• **EXERCISE**
What you write should match, word for word, the lines from the one containing "Vista superior detallada" through the end of the data, with no pictures.

(Captioned web image data)

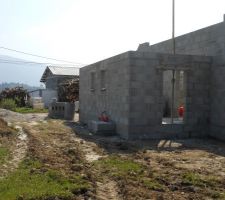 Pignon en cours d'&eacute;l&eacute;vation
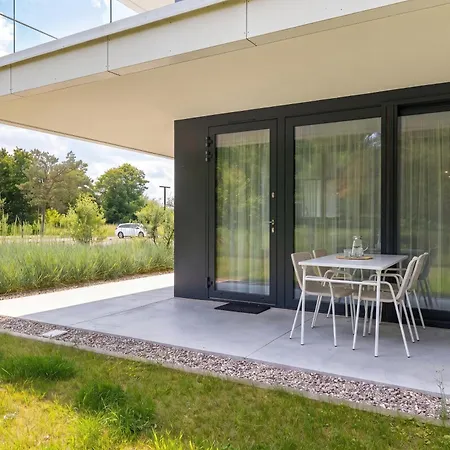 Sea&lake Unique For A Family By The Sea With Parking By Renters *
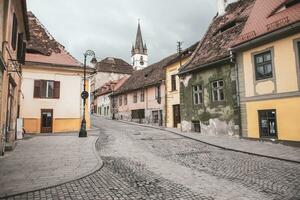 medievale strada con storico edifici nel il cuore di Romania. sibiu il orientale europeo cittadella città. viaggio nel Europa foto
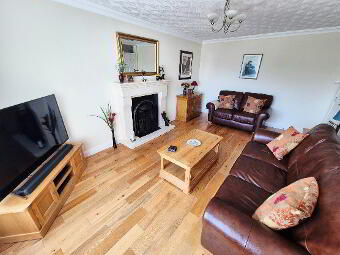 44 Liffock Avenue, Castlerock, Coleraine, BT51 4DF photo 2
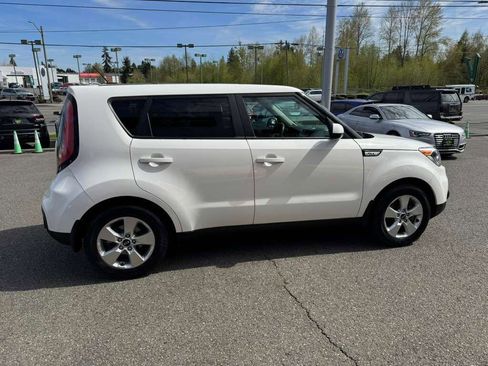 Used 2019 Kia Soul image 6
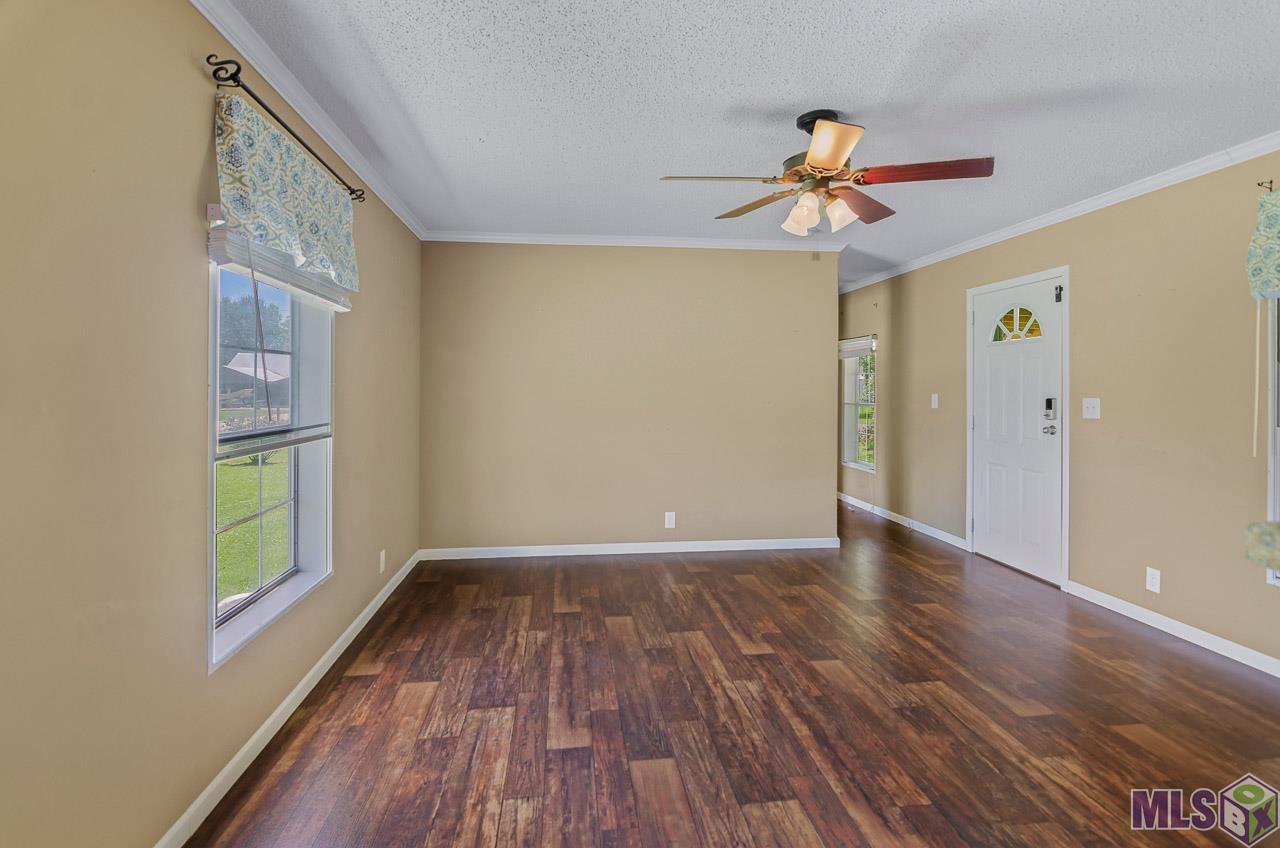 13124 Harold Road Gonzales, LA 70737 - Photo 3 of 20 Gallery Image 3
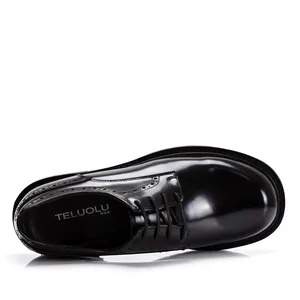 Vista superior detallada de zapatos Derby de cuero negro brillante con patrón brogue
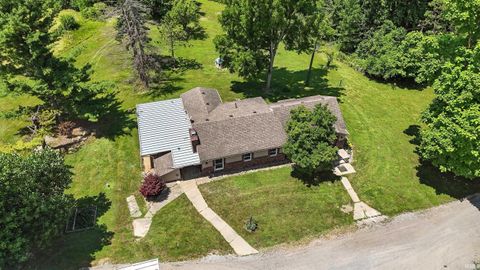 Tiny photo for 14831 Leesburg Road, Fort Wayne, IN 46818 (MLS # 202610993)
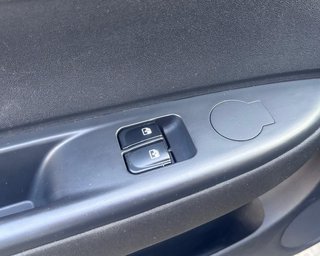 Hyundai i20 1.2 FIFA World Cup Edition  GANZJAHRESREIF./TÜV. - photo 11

• **ANSWER BOX**
 Vista superior detallada de zapatos Derby de cuero negro brillante con patrón brogue
 Tiny photo for 14831 Leesburg Road, Fort Wayne, IN 46818 (MLS # 202610993)
 Hyundai i20 1.2 FIFA World Cup Edition  GANZJAHRESREIF./TÜV. - photo 11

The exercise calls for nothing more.